- Required action: Each entry has to be given again in its exact wording, and no picture may appear in the result.

- Task data:
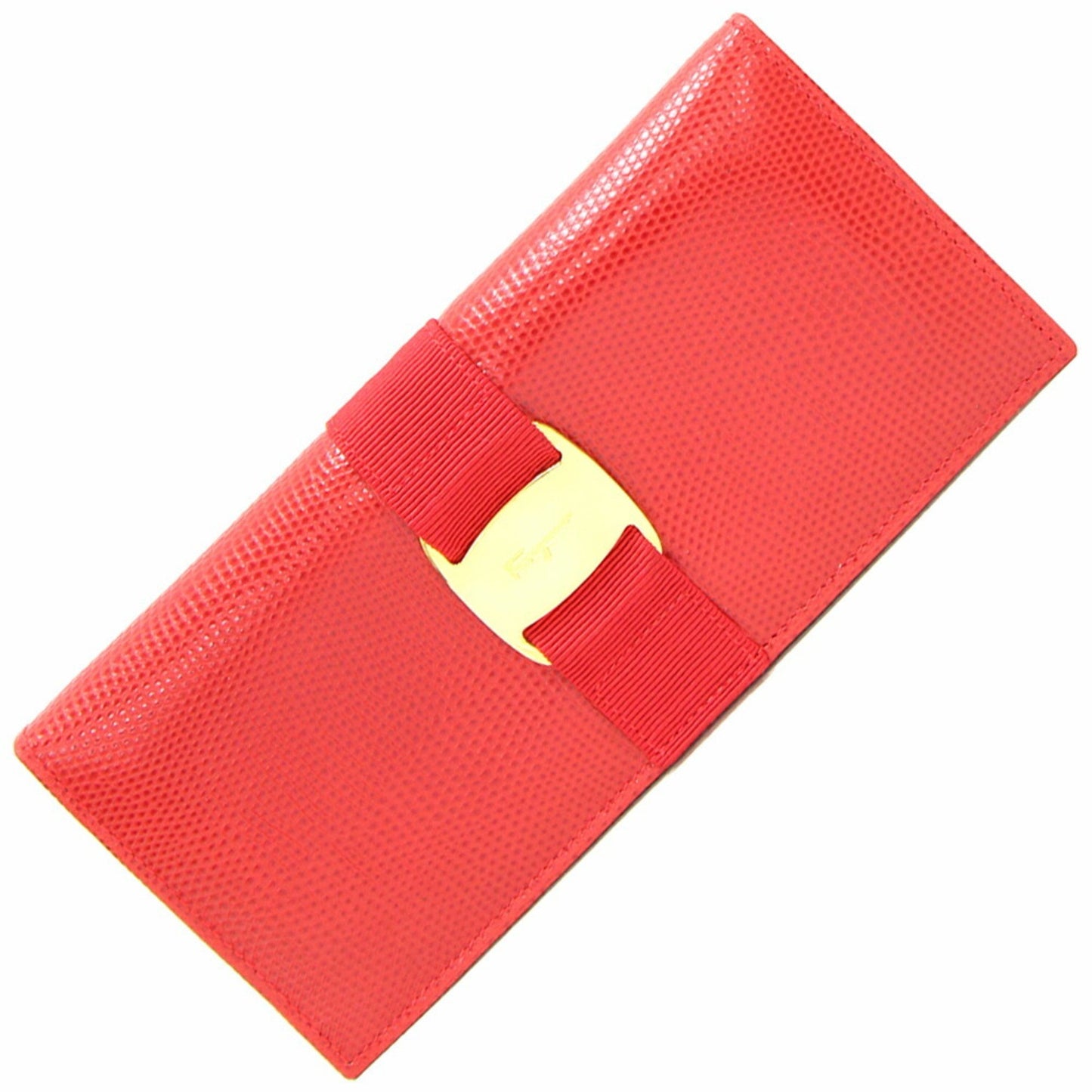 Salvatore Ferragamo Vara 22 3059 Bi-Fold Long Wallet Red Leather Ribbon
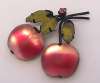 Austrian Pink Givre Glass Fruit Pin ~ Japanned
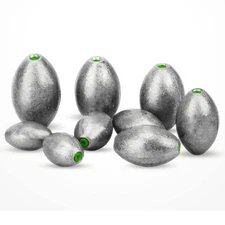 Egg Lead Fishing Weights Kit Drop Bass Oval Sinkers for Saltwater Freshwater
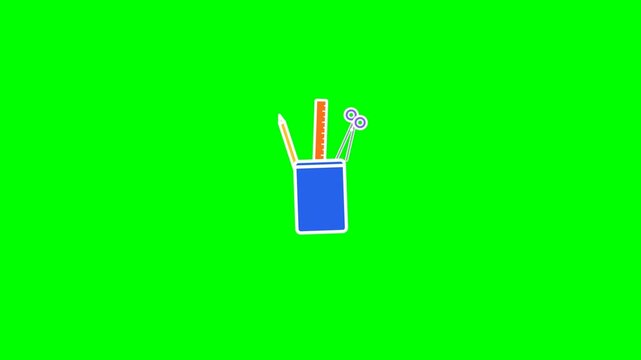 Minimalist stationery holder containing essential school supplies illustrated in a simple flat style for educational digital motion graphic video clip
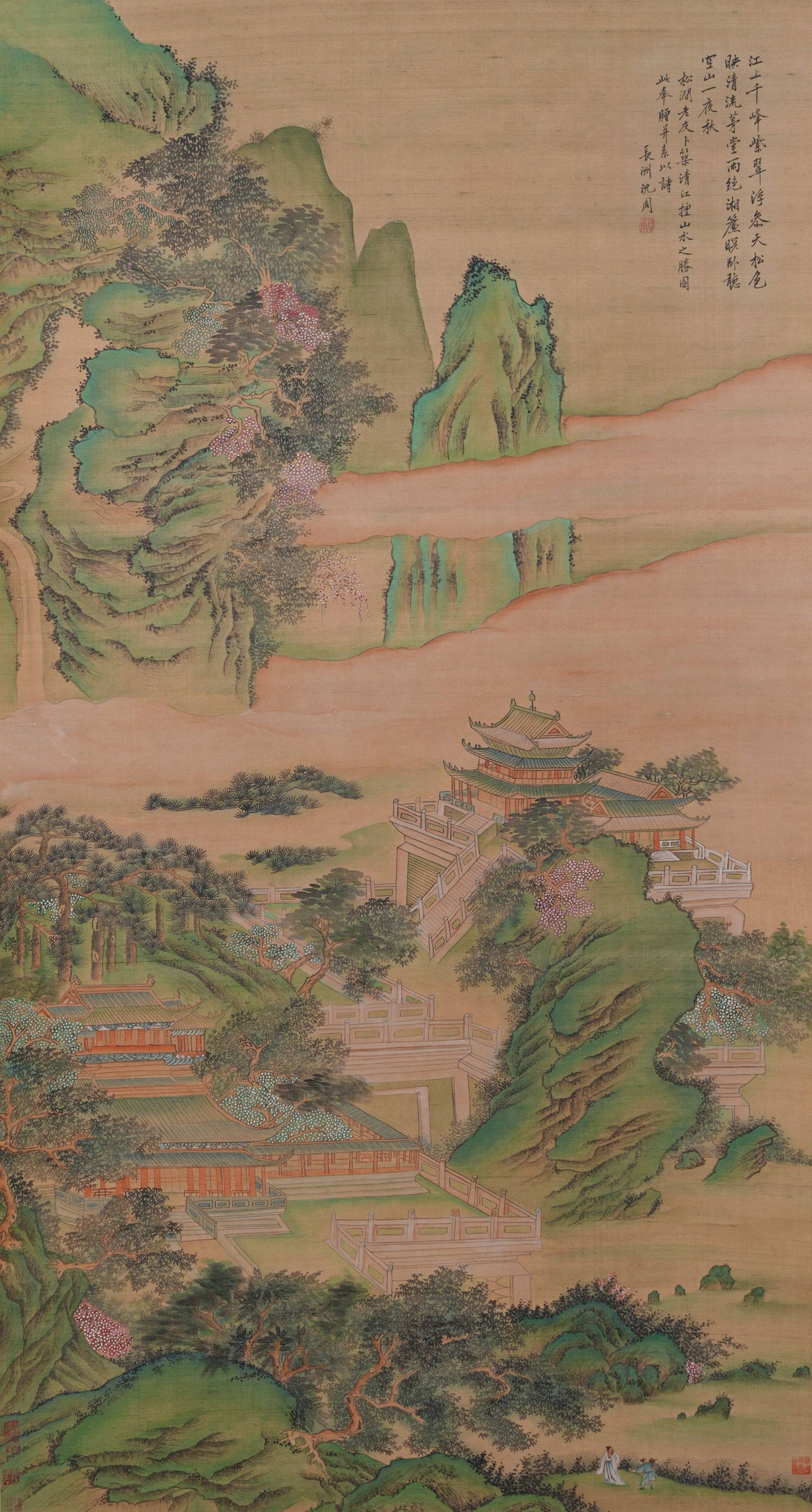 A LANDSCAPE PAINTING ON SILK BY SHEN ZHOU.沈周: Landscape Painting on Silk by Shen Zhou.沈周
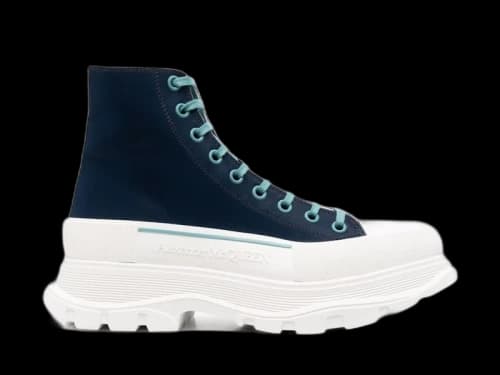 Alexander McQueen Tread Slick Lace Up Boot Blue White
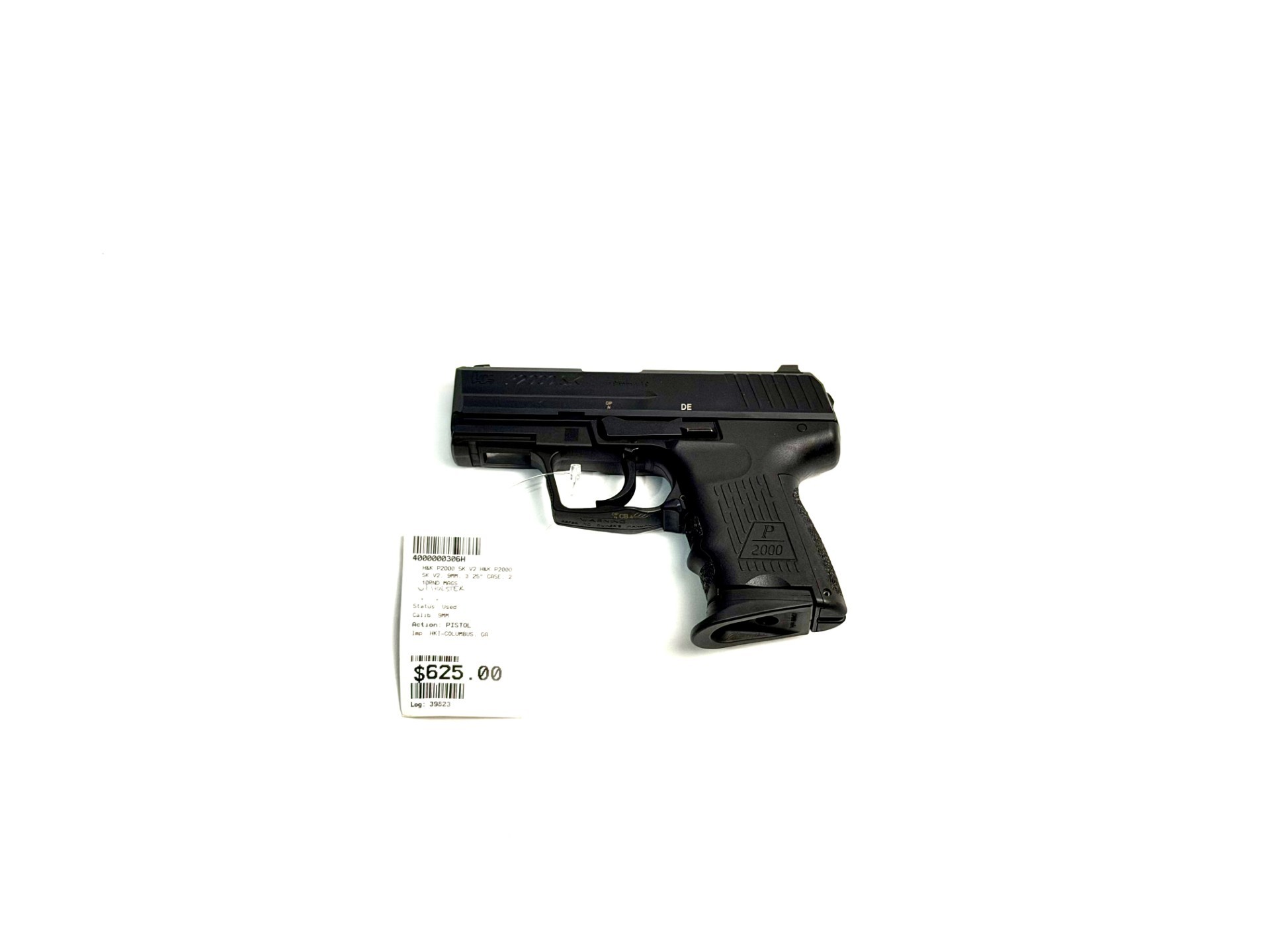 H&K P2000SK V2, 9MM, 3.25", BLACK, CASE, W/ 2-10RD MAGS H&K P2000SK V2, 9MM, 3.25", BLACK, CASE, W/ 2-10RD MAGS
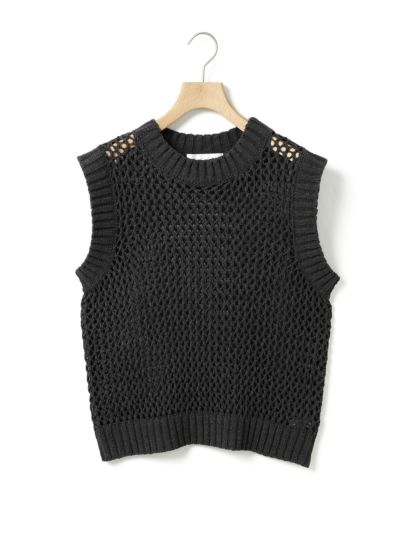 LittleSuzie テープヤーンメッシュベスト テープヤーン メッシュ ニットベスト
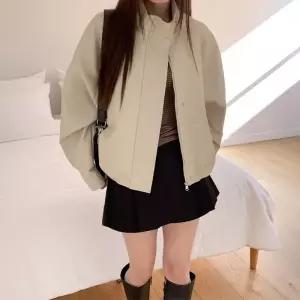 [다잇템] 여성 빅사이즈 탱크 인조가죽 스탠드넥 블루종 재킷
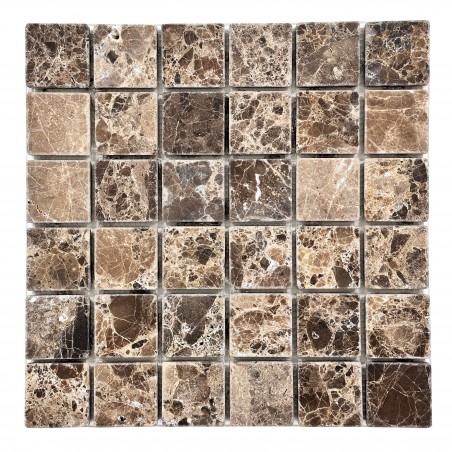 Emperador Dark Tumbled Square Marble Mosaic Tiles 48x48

- Written response:
 Salvatore Ferragamo Vara 22 3059 Bi-Fold Long Wallet Red Leather Ribbon
 Austrian Pink Givre Glass Fruit Pin ~ Japanned
 Egg Lead Fishing Weights Kit Drop Bass Oval Sinkers for Saltwater Freshwater
 Minimalist stationery holder containing essential school supplies illustrated in a simple flat style for educational digital motion graphic video clip
 A LANDSCAPE PAINTING ON SILK BY SHEN ZHOU.沈周: Landscape Painting on Silk by Shen Zhou.沈周
 Alexander McQueen Tread Slick Lace Up Boot Blue White
 H&K P2000SK V2, 9MM, 3.25", BLACK, CASE, W/ 2-10RD MAGS H&K P2000SK V2, 9MM, 3.25", BLACK, CASE, W/ 2-10RD MAGS
 LittleSuzie テープヤーンメッシュベスト テープヤーン メッシュ ニットベスト
 [다잇템] 여성 빅사이즈 탱크 인조가죽 스탠드넥 블루종 재킷
 Emperador Dark Tumbled Square Marble Mosaic Tiles 48x48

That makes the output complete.